When the Giants score four or more runs, they are 44-13. That’s .772 ball, which is what it would take for San Francisco to make a run in the last two months of the 2018 season.
The Giants have scored four or more runs only 57 times this year through 115 games.
Here’s a look at how many times they’ve scored four or more runs in a game since 2010 along with their records. (Note the World Series years).
- **2010: 69-12, .852
- 2011: 55-9, .859
- **2012: 75-20, .789
- 2013: 56-17, ..767
- **2014: 73-13, .849
- 2015: 67-21, .761
- *2016: 63-24, .724
- 2017: 50-22, .694
- 2018: 44-13, .772
** denotes a World Series winning year, * is a playoff year
In their playoff years since 2010, the Giants scored four or more runs 81, 95, 86, and 85 times respectively. In their non-playoff years, they’ve scored four or more runs 64, 73, 88, and 72 respectively.
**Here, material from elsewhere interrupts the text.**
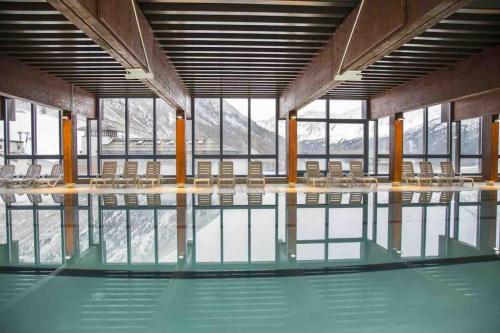 Apartment with panoramic pool for 4 at 2000m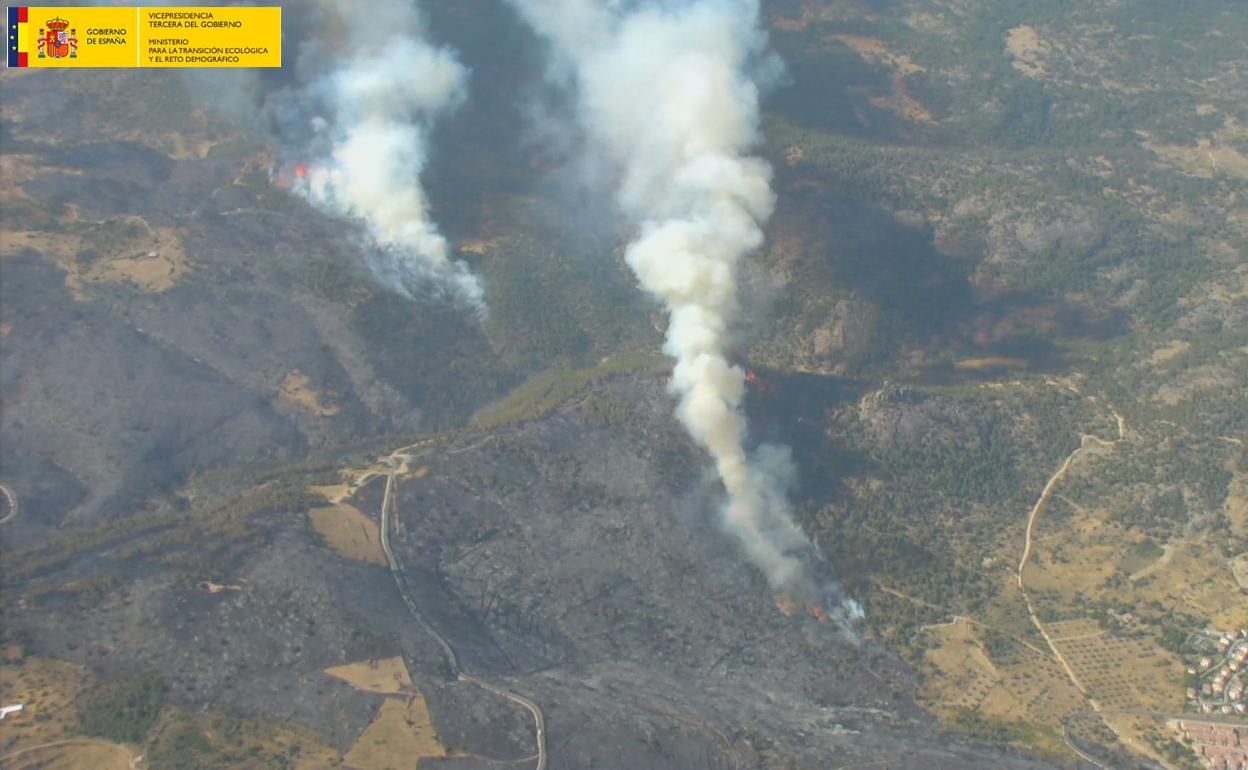 Imagen aérea del incendio de Cebreros.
Through 115 games, the Giants are on pace to score four or more runs 81 times this season. That’s the same as the 2010 championship season, but their pitching was off-the-charts that year with Tim Lincecum and Matt Cain anchoring the top of the rotation in their primes.
The 2010 rotation went deep into games, giving the bullpen a lot of rest. 2018 is a different story as the Giants have been using their bullpen heavily. Plus, 2010 had the Core 4 relievers who always got it done–Jeremy Affeldt, Sergio Romo, Santiago Casilla, and Javier Lopez.
As a comparison, the Arizona Diamondbacks scored four or more runs 63 times this season and the Los Angeles Dodgers 67 times. Those two teams are separated by a half game for the top spot in the National League West.
So, the bottom line for the Giants–score runs and they’ll win. In 2012, they were at the bottom of the league in home runs and still sure-handedly won the West.
Why? Because they scored four or more runs 95 times, the most out of their playoff years.
Just look at Monday and Tuesday’s game. If the Giants would have scored four runs in both those games, they would have swept the defending champions. Heck, if they plated just three runs, they might have still swept them. The Giants are nearly an .800 team when they score the magic four runs. And that is what they should prioritize for next season–or to salvage what’s left of 2018.